Bravo on your little dig about skunks living indoors. It would almost work except that every day I hide food about the house for Rosy to *forage* for.....making it a little more difficult for her to find food instead of just troughing away at a bowl. Also skunks (like raccoons, foxes, and other such urban wildlife), have shown a fantastic ability for adaptation to live alongside humans and find them as the _best_ and most constant source of food in the wild.....making them ideal subjects to be well on their way towards _true_ domestication. As well as that, Rosy spends rather a lot of time in my huge escape-proof garden.:2thumb:


----------



## pipistroller (Jun 1, 2011)

Update on the substrate ....

Mr Strummer's finacard arrived yesterday. We immediately cleaned out the viv and gave him a good deep layer. At first he wasn't sure about it at all but after about 5 or 10 minutes, he was almost diving around in it. He would run along underneath the layer of finacard so all we could see was a moving lump and then pop his little head up like a gopher all proud of himself. He kept that up for hours. He especially likes the fact that he can creap under his finacard and pounce on his toys without them seeing him coming. He seems really proud of his new skill!!!! :lol2:Bless him!!!

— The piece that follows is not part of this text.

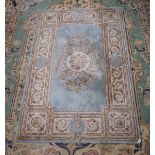 Chinese rug - Approx size: 124cm x 183cm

I know he's only been out one night on the finacard but if he keeps going the way he did last night, its a total success.


----------



## panther_87k (Feb 4, 2009)

pipistroller said:


> Update on the substrate ....
> 
> Mr Strummer's finacard arrived yesterday. We immediately cleaned out the viv and gave him a good deep layer. At first he wasn't sure about it at all but after about 5 or 10 minutes, he was almost diving around in it. He would run along underneath the layer of finacard so all we could see was a moving lump and then pop his little head up like a gopher all proud of himself. He kept that up for hours. He especially likes the fact that he can creap under his finacard and pounce on his toys without them seeing him coming. He seems really proud of his new skill!!!! :lol2:Bless him!!!
> 
> I know he's only been out one night on the finacard but if he keeps going the way he did last night, its a total success.


im glad hes enjoying the finacard, it is great stuff! My hog has never exhibited that behaviour with the stuff, and has never shown an interest in toys either. He liked cardboard tubes (cut down the side) but after about 6 months gave up on them, hasnt been bothered with toys since. Tried everything, shop bought and stuff from round the house. Loves his wheel though! 
Keep an eye out for large chunks of cardboard that didnt get shredded properly, i used to just rip them up into smaller pieces, did once find a piece of hard blue plastic in my batch but was soon sorted out with the guy and havent had any problems since, or heard of any one else having problems either.


----------



## panther_87k (Feb 4, 2009)

mrcriss said:


> "_*Constantly*_ hostile"? No hostility here whatsoever.....perhaps a touch of exasperation at a world gone utterly bonkers :crazy:, but never truly hostile....and certainly _never_ constant!:gasp:
> 
> So are you saying that your hedgehog never foraged? How could you possibly know unless you stayed awake _all_ night?
> 
> ...


My apologies "constantly" was probably the wrong word "regularly" would fit better, and it seems others agree with me too. 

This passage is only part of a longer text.